Some people think Labor Day is another opportunity to plan a picnic, swimming party, go to a movie or go shopping, but the day actually has significance.
The Labor Day holiday is on the first Monday of every September and celebrates the contributions made by the workers of this country, which have made America the most prosperous country on Earth. The first Labor Day holiday actually took place on Tuesday, September 5, 1882 in New York City. It is commonly thought that Peter J. McGuire, who was general secretary of the “Brotherhood of Carpenters,” designated the holiday. McGuire went on to become co-founder of the American Federation of Labor. However, others believe that Matthew Maguire, a machinist, not Peter McGuire, founded the holiday while serving as secretary of the Central Labor Union in New York. The Central Labor Union adopted a Labor Day proposal and appointed a committee to plan a demonstration and picnic. In 1884 the first Monday in September was selected as the official holiday and the Central Labor Union urged similar organizations in other cities to follow the example of New York and celebrate a “workingmen’s holiday” on that date. The idea spread with the growth of labor organizations, and in 1885 Labor Day was celebrated in many industrial centers of the country.

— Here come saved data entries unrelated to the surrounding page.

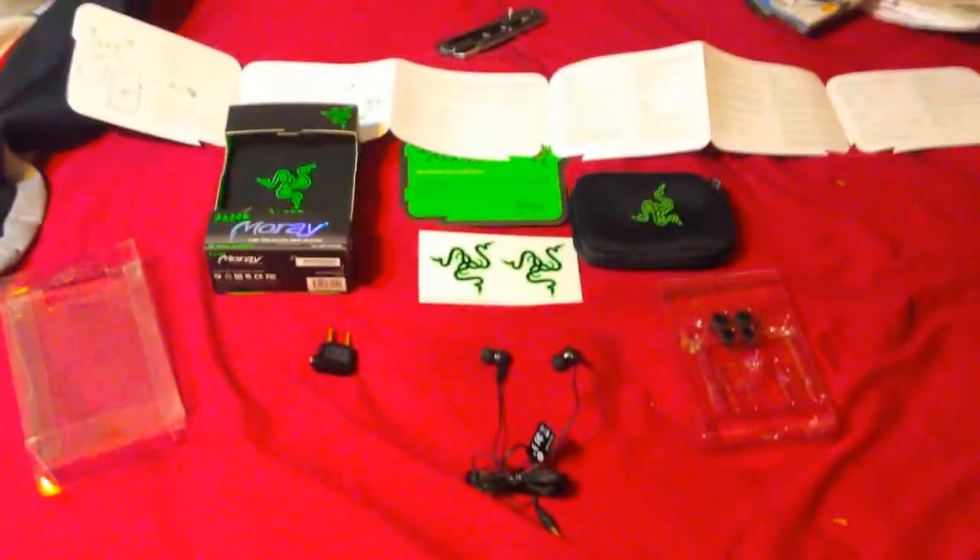Alright guys, so this is everything that comes in the box. There's all the instructions, a certificate of authenticity from Razer. I didn't get one of these with my mouse pad — I also didn't get the Razer sticker, it was cool as shit.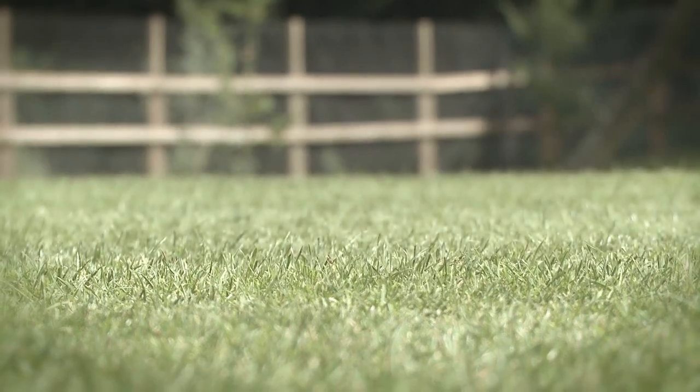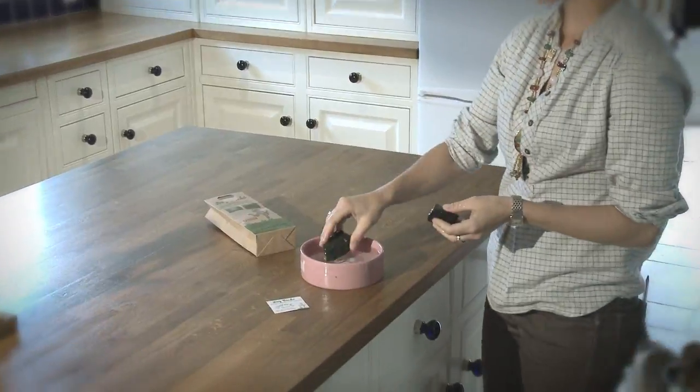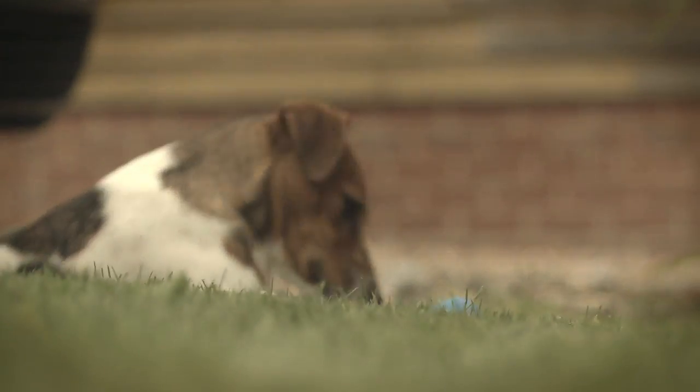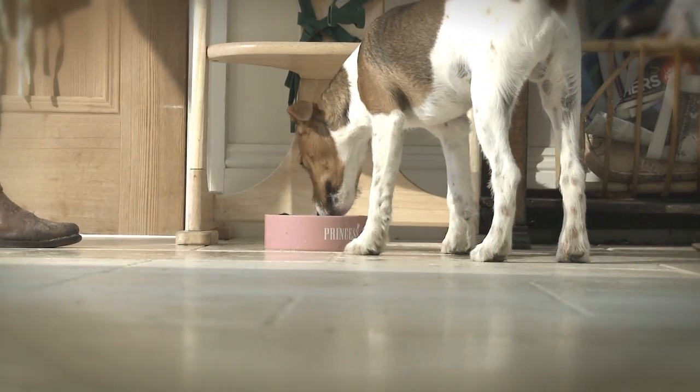Your dog can save your lawn. Dog Rocks are a 100% natural rock that, when placed in your dog's water bowl, will stop urine burn patches from ruining your lawn and shrubs. They are safe for all household pets, hassle-free, and have been selling in the UK for approximately six years.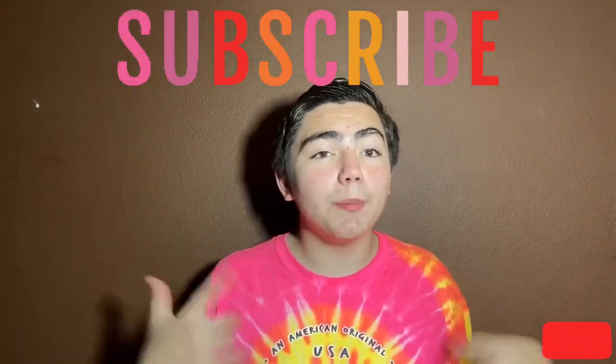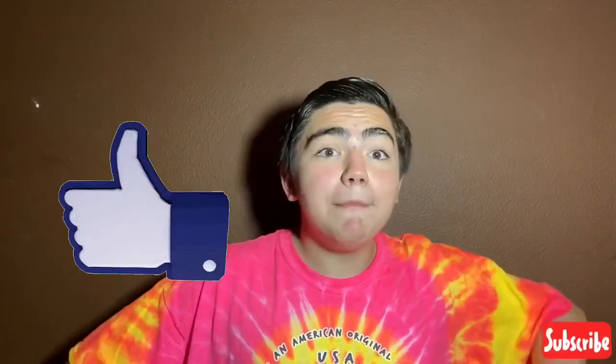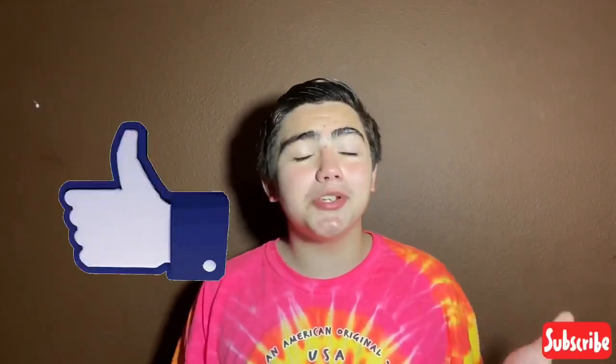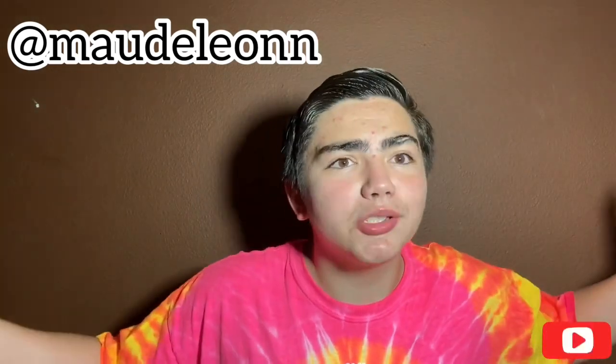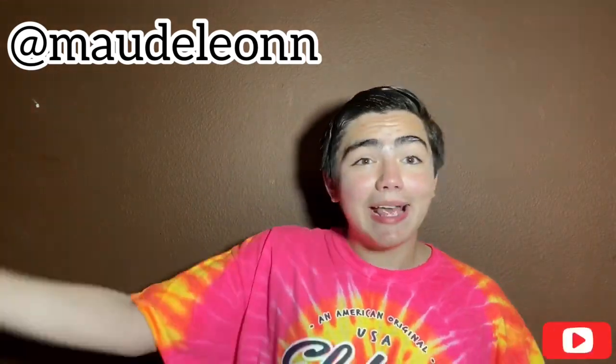Alright you guys, that was it for today's video. I hope you guys all enjoyed. Please don't forget to hit that subscribe button, turn your little bell to all, and also leave a big thumbs up. Let me know which video I should do next in the comments down below. Follow me on all my socials, they're gonna be in the description down below — I'm active on Instagram so make sure you follow me. Until next time, bye bye!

Through the years the nation gave increasing emphasis to Labor Day. The first legislation to become law was passed by Oregon on February 21, 1887. During the year, four more states – Colorado, Massachusetts, New Jersey and New York – created the Labor Day holiday by legislative enactment. By the end of the decade Connecticut, Nebraska and Pennsylvania had followed suit.

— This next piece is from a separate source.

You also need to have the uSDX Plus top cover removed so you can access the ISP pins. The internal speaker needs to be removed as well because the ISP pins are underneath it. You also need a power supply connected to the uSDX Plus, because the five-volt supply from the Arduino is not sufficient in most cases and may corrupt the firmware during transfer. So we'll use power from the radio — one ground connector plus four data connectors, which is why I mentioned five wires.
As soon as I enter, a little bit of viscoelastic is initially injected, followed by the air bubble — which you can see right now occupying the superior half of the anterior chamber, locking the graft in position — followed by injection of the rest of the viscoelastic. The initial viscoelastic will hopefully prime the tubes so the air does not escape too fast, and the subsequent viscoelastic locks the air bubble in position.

By 1894, 23 other states had adopted the holiday in honor of workers, and on June 28 of that year, Congress passed an act making the first Monday in September of each year a legal holiday in the District of Columbia and the territories. By resolution of the American Federation of Labor at a convention in 1909, the Sunday preceding Labor Day was adopted as Labor Sunday and dedicated to the spiritual and educational aspects of the labor movement.

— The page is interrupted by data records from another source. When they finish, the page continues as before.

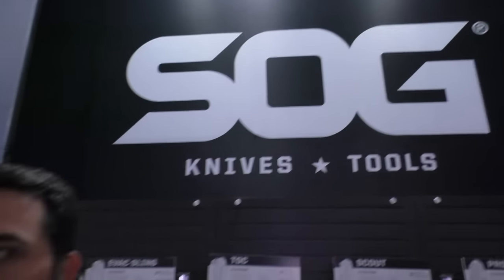SHOT Show 2016 at the SOG booth here with Chris. Thanks for having me back. We got some multi-tools to talk about.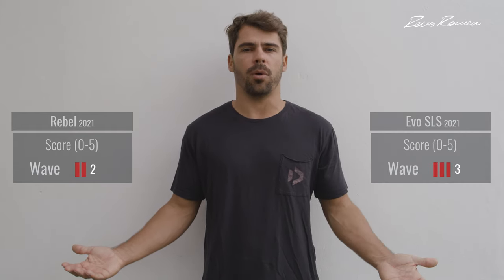For wave riding, the Rebel was not designed for waves either. It has a five-strut construction with heavy bar pressure, which means the kite is not going to move smoothly or quickly when you're riding a wave, and the drift is not great. The Evil SLS is better for wave riding — the turning speed is much quicker, the bar pressure is lighter, and the kite drifts better because of the SLS material and construction. That's why for wave riding I'm giving the Rebel a 2 out of 5 and the Evil SLS a 3 out of 5.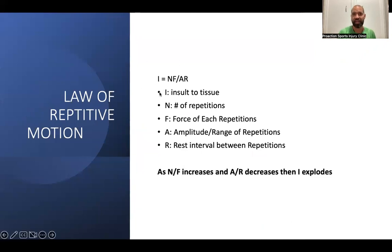Repetitive motion has an equation: I (insult to tissue) = N × F / (A × R), where N is number of repetitions, F is force, A is amplitude and range of repetitions, and R is the rest interval between repetitions. A shorter stride means more repetitions; a longer stride means fewer repetitions with more rest. As N and F increase and A and R decrease, insult to the tissue dramatically increases — and the last thing we want is our calves breaking down.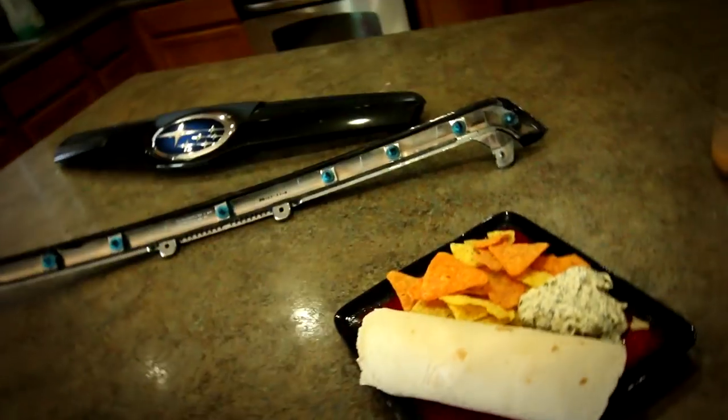Before you guys hit me with the 'you should be in the kitchen making a sandwich' joke — I made a wrap. So I am in the kitchen, and I made it even better than a sandwich: I made a wrap, and I'm going to do this in here because it's a lot nicer than the garage.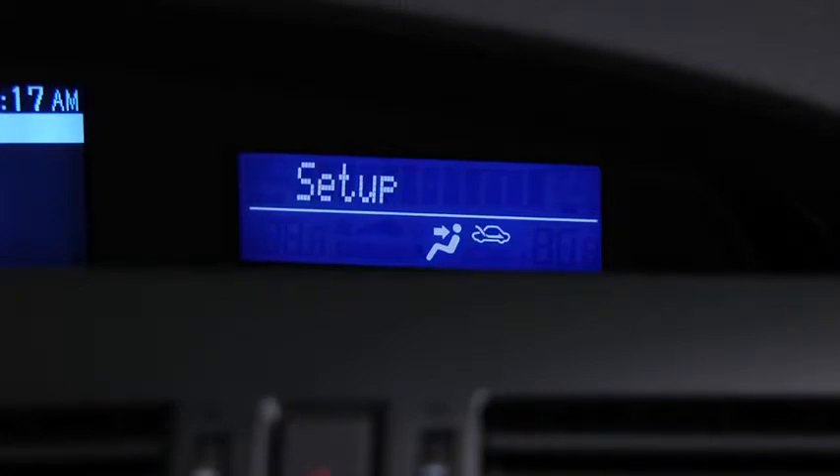Select one of the following: pairing options, confirmation prompts, language, passcode, select phone, or select music player. After the beep, say 'pairing options'.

The vital force of labor added materially to the highest standard of living and the greatest production the world has ever known. It is appropriate, therefore, that the nation pay tribute on Labor Day to the creator of so much of the nation’s strength, freedom and leadership – the American worker. So, if you do go shopping or to a movie, take a moment to thank those workers who do not have the day off to celebrate.